Revolutionising Early Diagnosis of Lung Cancer: A Deep Learning Framework for Precision Detection
摘要
Lung cancer accounts for the highest number of deaths due to cancer in the world. Precise and prompt identification on the basis of histopathology pictures is vital in enhancing survival outcomes. This study proposes to create a fast and intelligible CNN with high accuracy and an easy-to-use CBQA model that can be deployed in the clinical setting. To do this, we created a bespoke model of CNN with four convolutional layers, group normalisation, dropout and SoftMax output. A small balanced dataset of 15,000 histopathology images (5000 adenocarcinoma, 5000 squamous cell carcinoma, 5000 benign) out of Kaggle dataset of Lung Cancer Histopathological Images was adopted with a 70–15–15% train–validation–test split. Data augmentation was used, and TCGA-LUAD patches were validated externally. Benchmarking comprised the classical machine learning models (SVM, Logistic Regression, Random Forest) and popular CNNs (EfficientNetB3, XLLC-Net). The proposed CNN demonstrated 95.3% accuracy, 94.2% precision, 93.5% recall, 93.8% F1, and 0.965 AUC-ROC on LC25000, yielding a superior performance as compared to SVM (86.7%), Logistic Regression (84.3%) and Random Forest (85.2%). Performance can be seen to be competitive with EfficientNetB3 (94.1%) and XLLC-Net (95.0%), with a far lesser use of computational resources.

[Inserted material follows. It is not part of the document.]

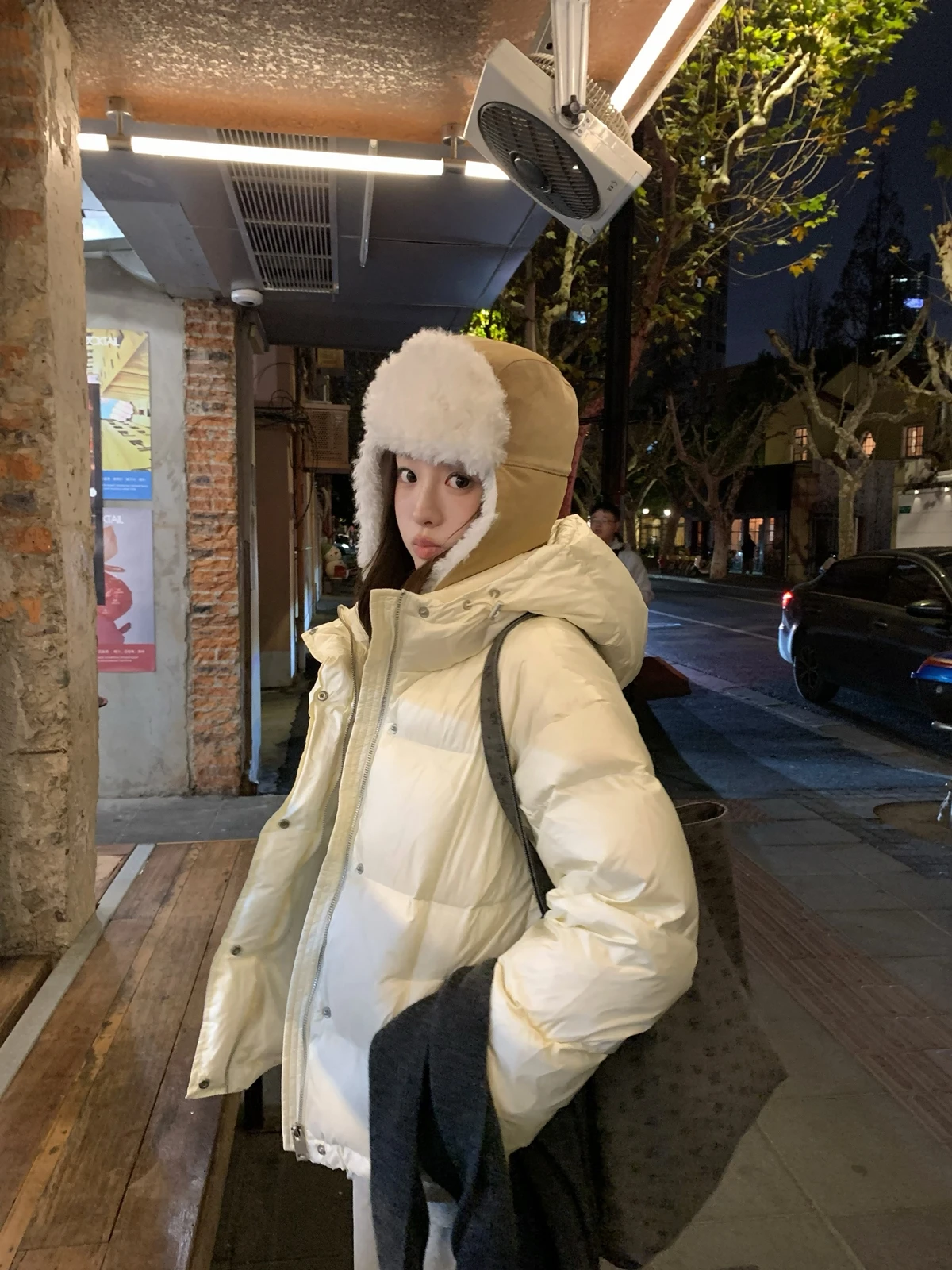 Heygirl Warm Du down Puffer Jaet Women's Loose Fit Hooded Coat Korean Sle Winter Outerwear Thi Long Sve Zipper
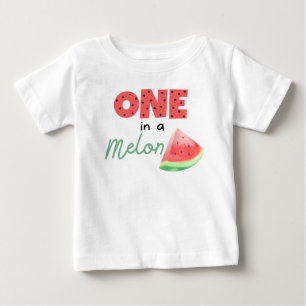 Bebé Una en una camiseta de cumpleaños de Melón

External validation on TCGA-LUAD gave an accuracy of 91.2%. Nucleus-dense regions were also observed on, validating it in clinical practice. In contrast to previous studies, which have to a large extent employed massive pretrained networks, this study proposes a lightweight, easy-to-interpret, and externally curated CNN that is shown to perform in real-time (38 ms per picture) and performs well in generalisation. The synergy that allows using balanced dataset training, external validation, and interpretability allows assuring the clinical applicability.